The House on Tuesday voted 267-157 for a bill (H.R. 8404), called the Respect for Marriage Act, that would enact federal protections for same-sex marriages. It also would formally repeal the 1996 law known as the Defense of Marriage Act, which defined marriage for federal purposes as a union between a man and a woman.
The vote came 26 years to the month after the House voted 342-67 for DOMA with support from almost two-thirds of the House Democratic Caucus — including some prominent progressives serving in the 117th Congress — and all but one Republican.
The seismic shift, from most House Democrats backing DOMA a generation ago to the caucus unanimously supporting its repeal Tuesday, suggest Democrats collectively see federal protections for same-sex marriage as a political plus rather than the liability it seemed in 1996, when President Bill Clinton signed DOMA into law 45 days before he was re-elected.
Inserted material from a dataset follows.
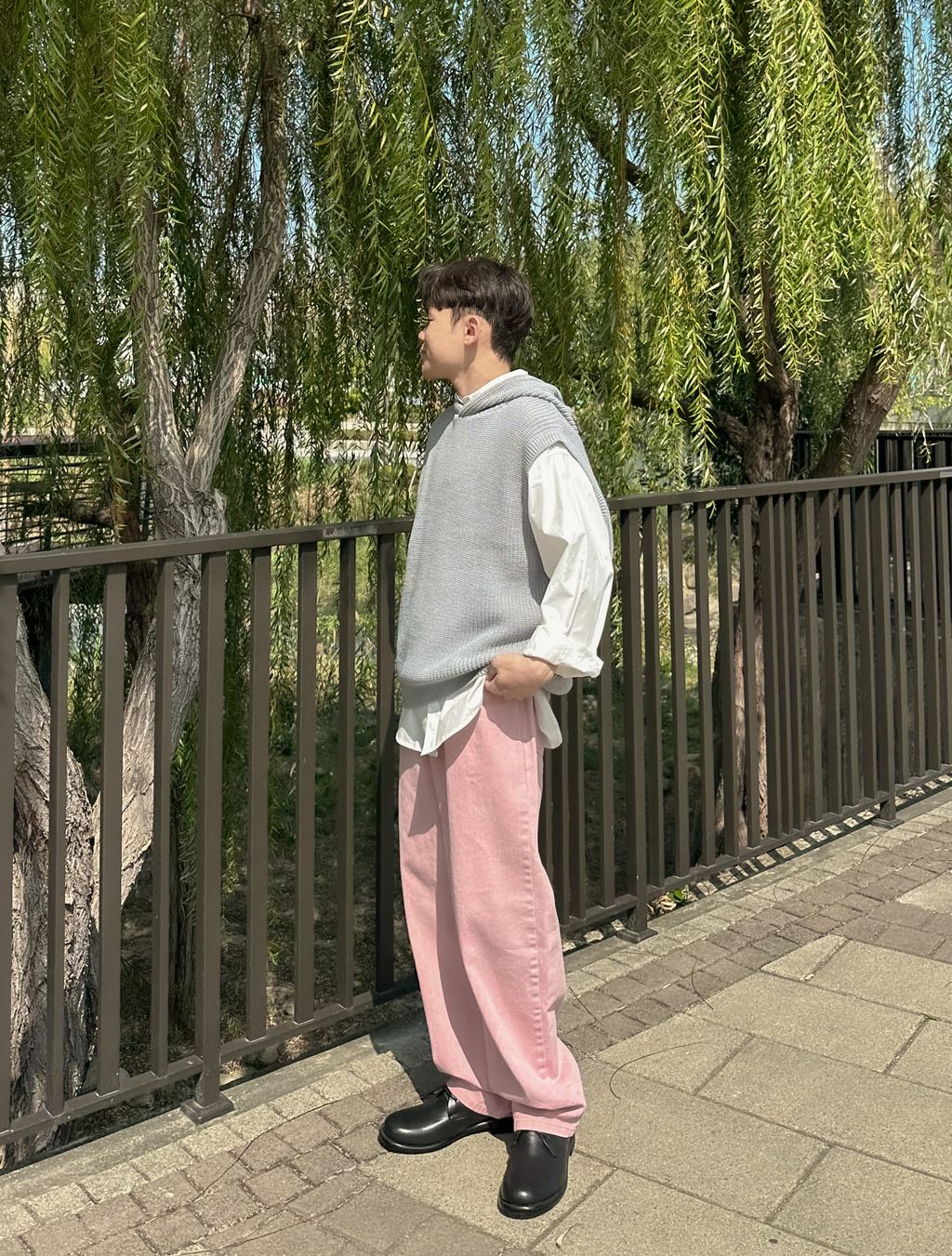 OPPAKOREA Comfy 口袋棉質襯衫 (3色) (優質高密度棉)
Tuesday’s vote underscored rising support for same-sex marriage in the years since — to a high of 71% this year from 27% in 1996, according to Gallup data.
The next step is the Senate, where Majority Leader Chuck Schumer (D-N.Y.) said in a floor speech Wednesday that he wanted to bring the bill up “and we’re working to get the necessary Senate Republican support to ensure it would pass.” Senate Minority Whip John Thune (R-S.D.) told reporters it was “possible” 60 senators would support codifying the legality of same-sex marriage although he dismissed the legislative gambit as a political maneuver to deflect from other issues.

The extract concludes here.